"We have been in negotiations all day with the Senate," House Speaker David Ralston told Channel 2's Richard Elliot. "We continue to be, and it's a process that's obviously taking time."
But House and Senate leaders know there isn't much time remaining to pass tax reform.
The plan calls for a reduction of state income tax from 6 percent to 4.5 percent. However, it also tosses away certain tax deductions and raises the sales tax on things like auto repairs and satellite TV. It does exempt manufacturing and other industries in an attempt to lure jobs to Georgia.

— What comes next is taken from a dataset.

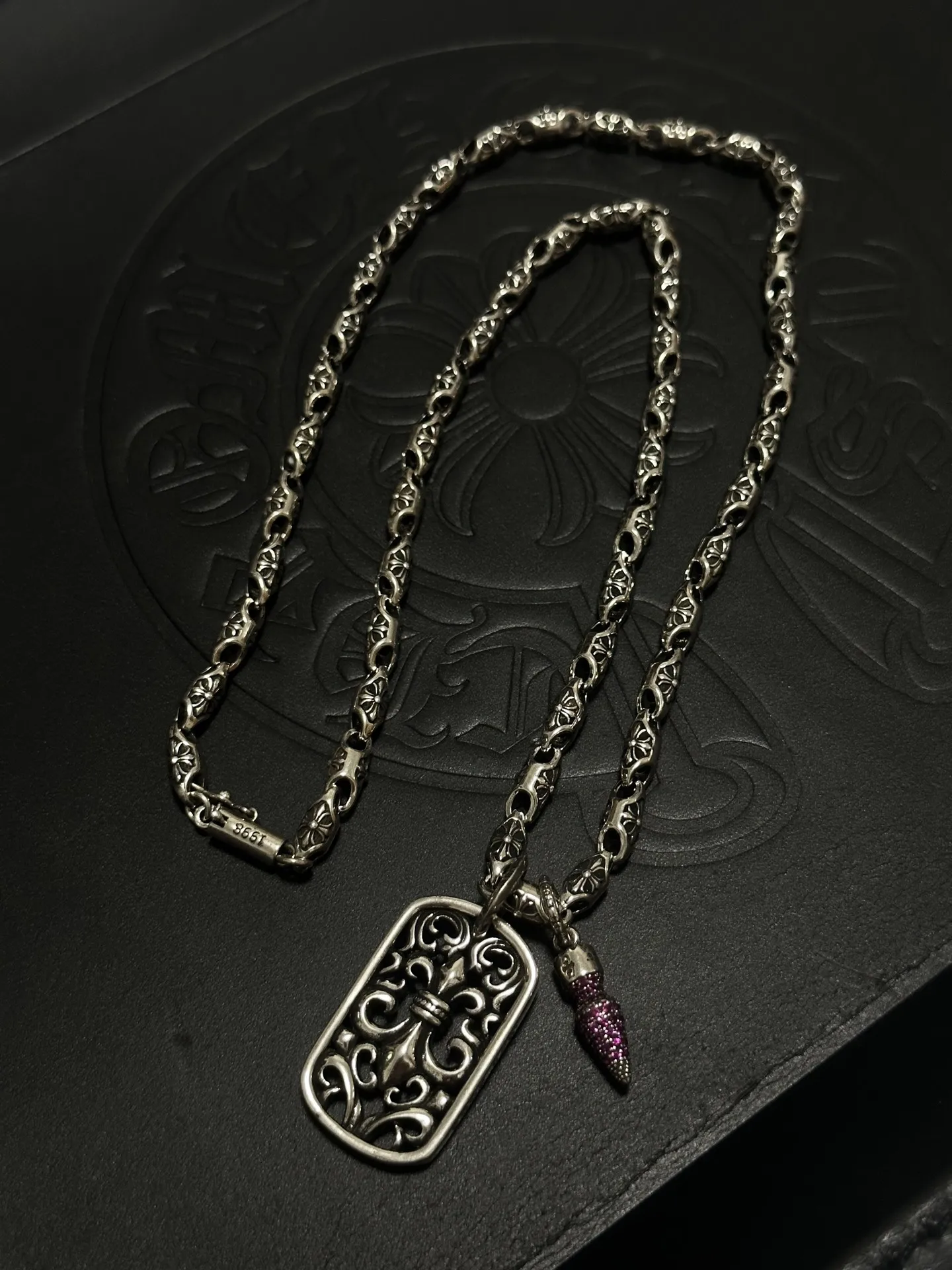 S925 sterling silver retro old-fashioned long-brand iris pendant necklace full of diamonds and small nails charm CH accessories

But Democratic leaders balked at the plan, saying when they looked closely at the numbers, they realized it was a tax increase on the middle class. House Minority Leader Rep. Stacy Abrams, D-Atlanta, told Elliot the plan did away with tax credits for Georgia households earning between $46,000 and $180,000 who itemize their deductions.
"The problem is its a tax cut paid by increasing taxes in this middle group," Abrams said.
Ralston said Abrams' concerns had been addressed but wouldn't go into detail about negotiations between the House and Senate. But one source told Elliot the hold up is over what taxpayers will or won't be able to deduct and what will or will not be included in the new sales tax.
The House adjourned for the day. Negotiations will continue and the House could take it up again Thursday.